• [Supplied data]:
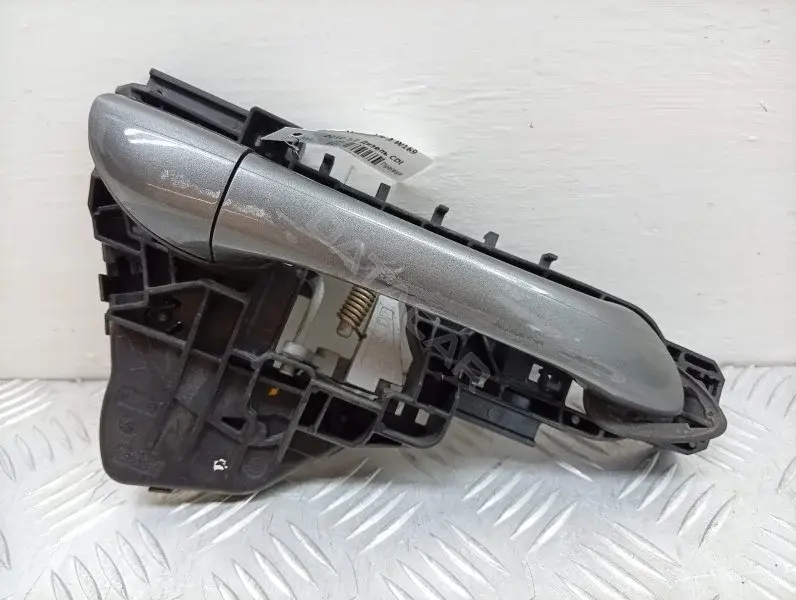 Ручка двери A1697600434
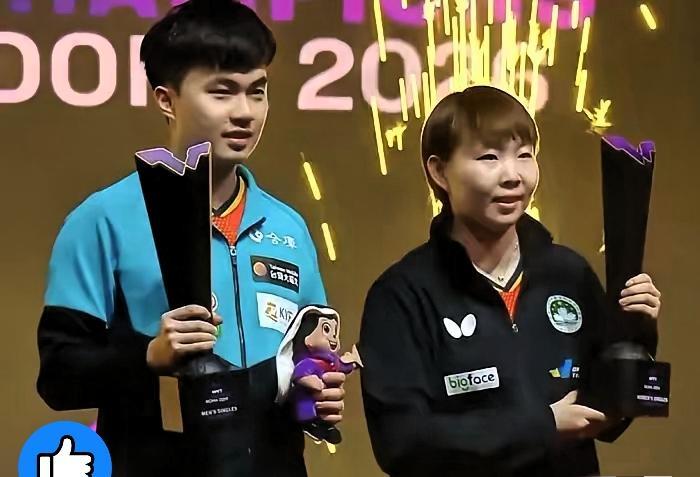 中国球员包揽冠亚军，但冠军不属于中国队？多哈赛场的这一幕让无数人心情复杂！

颁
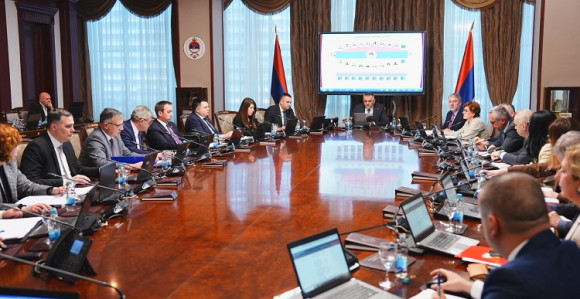 Нису себе заборавили: Премијеру и министрима повишица од пет одсто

• [Task directions]: Reproduce, word for word, everything in the listing above except the pictures.

• [Answer section]:
 Ручка двери A1697600434
 中国球员包揽冠亚军，但冠军不属于中国队？多哈赛场的这一幕让无数人心情复杂！

颁
 Нису себе заборавили: Премијеру и министрима повишица од пет одсто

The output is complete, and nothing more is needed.